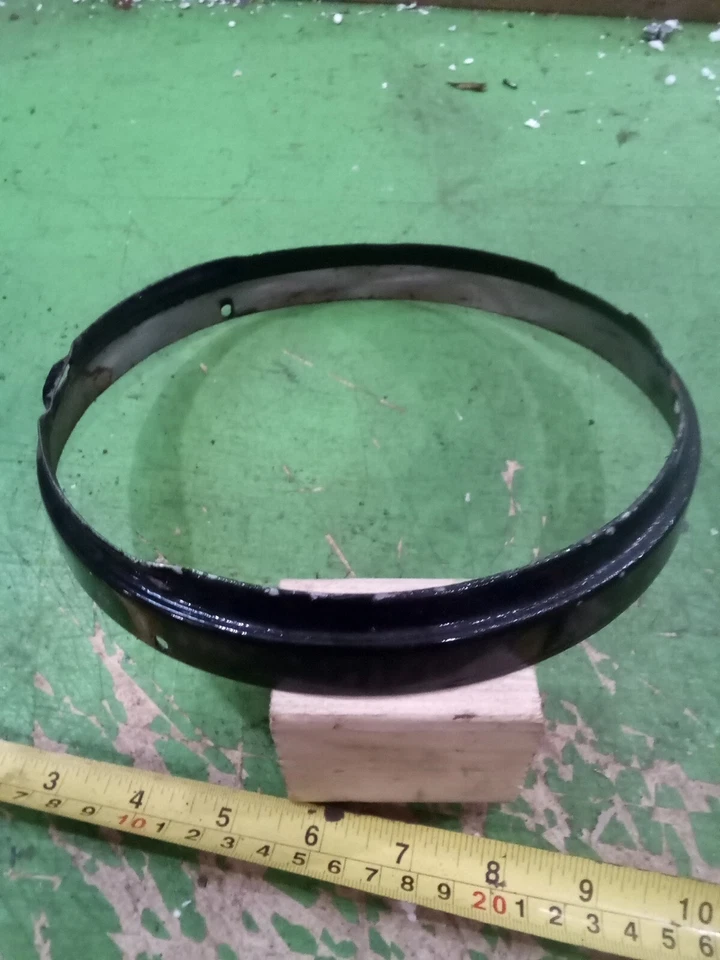 LUCAS 7" PRE UNIT TRIUMPH HEADLIGHT NACELLE INNER RIM TRIUMPH - Image 4 of 4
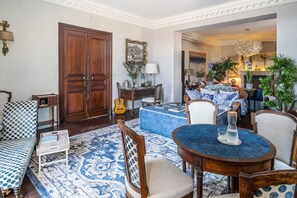 Interior - Chateau Bellevue - Eight Bedroom Castle, Sleeps 16 (Sainte-Marie-de-Gosse)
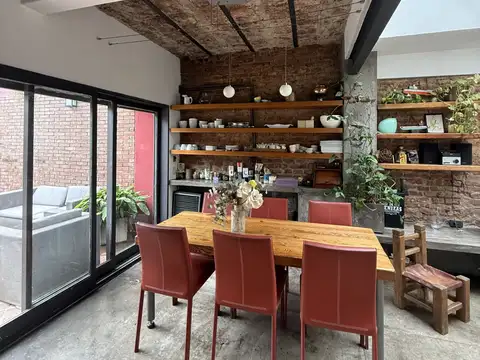 EXCEPCIONAL CASA DESARROLLADA EN DOS PLANTAS, JARDIN, PISCINA, 5 AMBIENTES Y DEPENDENCIAS. COCHERA CUBIERTA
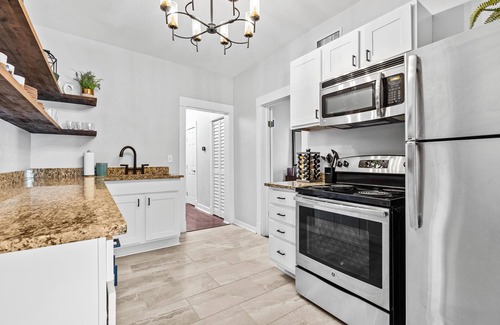 Westport Apartment | Beautifully Remodeled 3 bed + Walkable to Westport + Private Courtyard!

## Task description
Would you set down each line of the data exactly, with no images included?

## Solution for this exercise
 LUCAS 7" PRE UNIT TRIUMPH HEADLIGHT NACELLE INNER RIM TRIUMPH - Image 4 of 4
 Interior - Chateau Bellevue - Eight Bedroom Castle, Sleeps 16 (Sainte-Marie-de-Gosse)
 EXCEPCIONAL CASA DESARROLLADA EN DOS PLANTAS, JARDIN, PISCINA, 5 AMBIENTES Y DEPENDENCIAS. COCHERA CUBIERTA
 Westport Apartment | Beautifully Remodeled 3 bed + Walkable to Westport + Private Courtyard!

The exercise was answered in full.